Since the #MeToo movement, disclosure of sexual abuse has become far more common in the media. As a society, we have recognized the abuse of celebrities and politicians. Our responses have varied, not just because of the status of those accused/accusers, but because the issue is rampant. Some choose to ignore, others choose to protest.
No matter the level of abuse, words like ‘victim’ or ‘perpetrator’ can shape the way we feel toward the event, the one who caused the sexual assault, and the assaulted. Since language is a powerful tool in shaping mental health and awareness, each definition needs to be articulated clearly.
Sexual harassment and sexual assault are both used to understand various meanings of unwanted sexual attention. Is the emotional response different if a woman says she was assaulted vs. harassed? If she’s ‘underage’ or 18, does that warrant more or less comforting? Should the stress and magnitude of the abuse match the stress and magnitude of someone who displays concern from an equally murky word in a similar category? Since sexual abuse is very rarely portrayed as the complicated (knowing the abuser) and questioning (was the abused dancing suggestively?) type of trauma that it is, ‘assault’, ‘rape’, and ‘harassment’, might not accurately represent the way someone is expected to feel.
Comfort and sympathy for those who endured sexually abusive behavior is still a sticky subject. How abusive does the perpetrator have to be to warrant a discussion or extra attention? The word ‘attention’ in and of itself is tricky. While it’s common knowledge that paying attention to the trauma, instead of covering it up or ignoring it, is better at combating depression, PTSD, or anxiety, nobody wants to be known as an ‘attention-seeker’. The phrase itself can prevent people from finding help.
The words ‘victim’ and ‘survivor’ are particularly controversial. ‘Survivor’, a word that became popular in feminist circles in the 1980s, intends to have an empowering effect. The idea was to allow those who have suffered from an assault, to reclaim their life narrative from powerlessness to bravery. By placing the emphasis on strength, another sense of power is born.
The word ‘victim’ is more difficult. The National Crime Victim Law Institute, defines ‘victim’ as a person(s) harmed by any misdemeanor or felony. There are no moral or judgmental undertones about the person who was assaulted or treated wrongfully.
Although the legal definition of ‘victim’ makes sense from a purely non-judgemental mindset, the word has expanded with emotional baggage. The phrase ‘playing the victim’ insinuates that there is something to be gained by being victimized. Often times the phrase suggests laziness or the inability to move on after what may be considered an appropriate length of time.
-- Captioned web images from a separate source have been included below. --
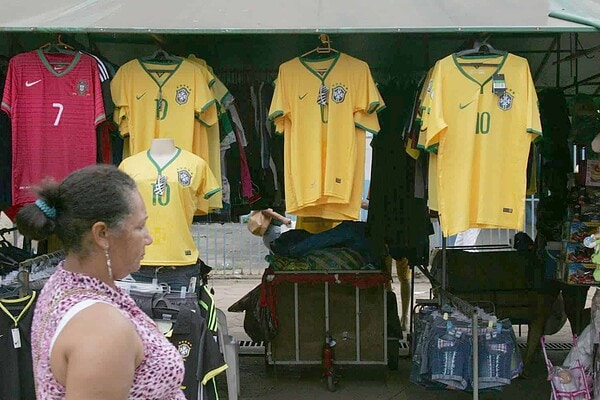 Mercado informal visa lucro com a venda de camisas da seleção brasileira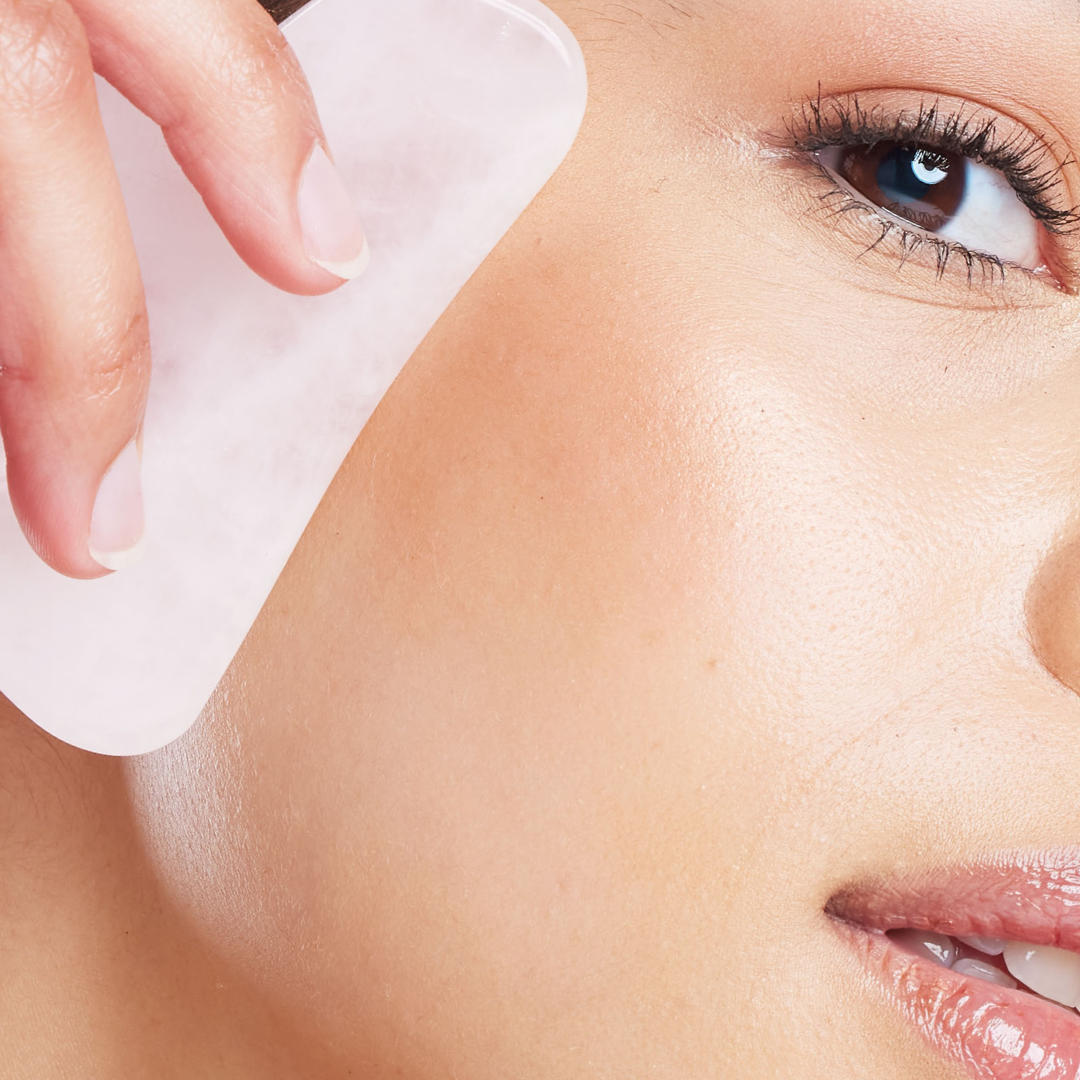 GUA SHA EN JADE NATUREL – MASSAGE VISAGE & LIFTING NATUREL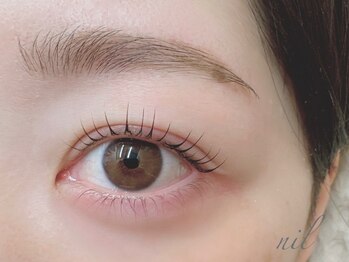 ニル(nil eyelash)の写真/元美容部員のアイリストが抜け感あるおしゃれ眉毛にチェンジ☆眉パーマと美眉Waxのお得なクーポンも♪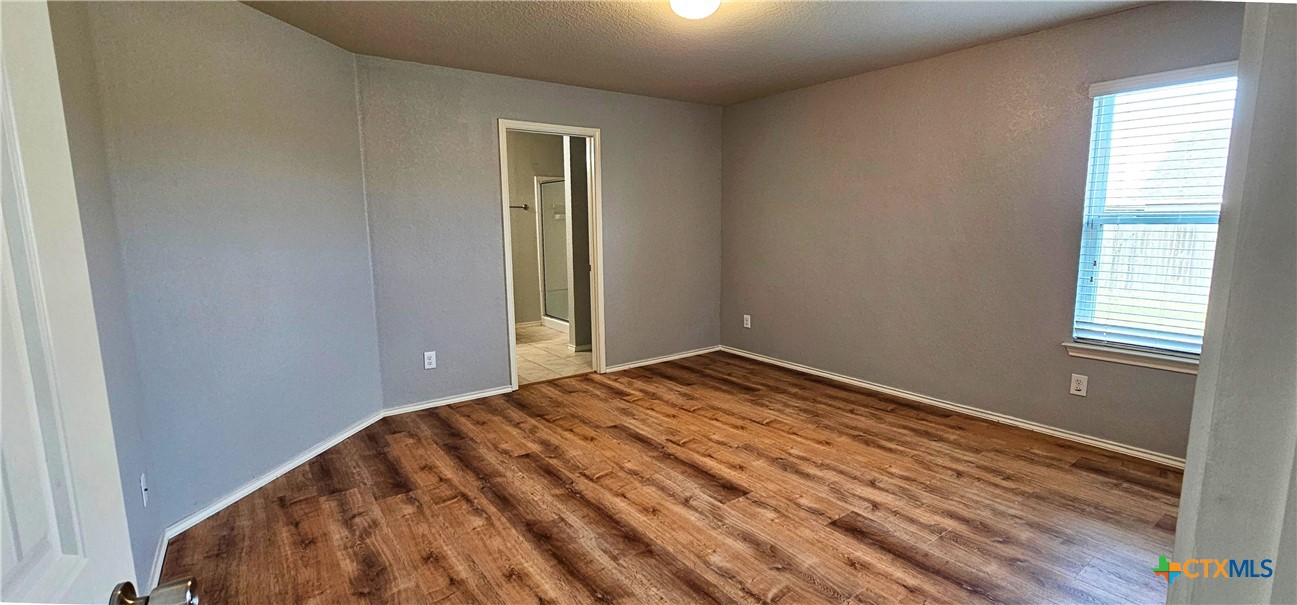 1024S Sandwell, Seguin, TX 78155 — photo 1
Whether the terms ‘victim’ or ‘survivor’ are of primary focus, these definitions are a distraction from the real issue. The perpetrator.
‘Rapist’ has its own set of definitions. Although each state defines rape differently, the common definition states it is an offense where sexual relations are forced upon a person.
According to this definition, a rapist could be someone who forcibly penetrated someone against their will or it could mean penetration may not have happened. The definition ‘sexual relations’ is even more gray.
If a man in his early twenties had sexual relations with an incoherent, drunk, college girl, the term ‘rapist’ takes a different form for those raised with the image of strangers with guns that prey on women at night. Perpetrator, creep, or derelict are often the more popular words to describe the assaulter in this situation.
The images that words carry when used in a sexual assault case, shape the way we feel. They form our sympathies, our understanding of values, and our esteem. They also shape the way society responds.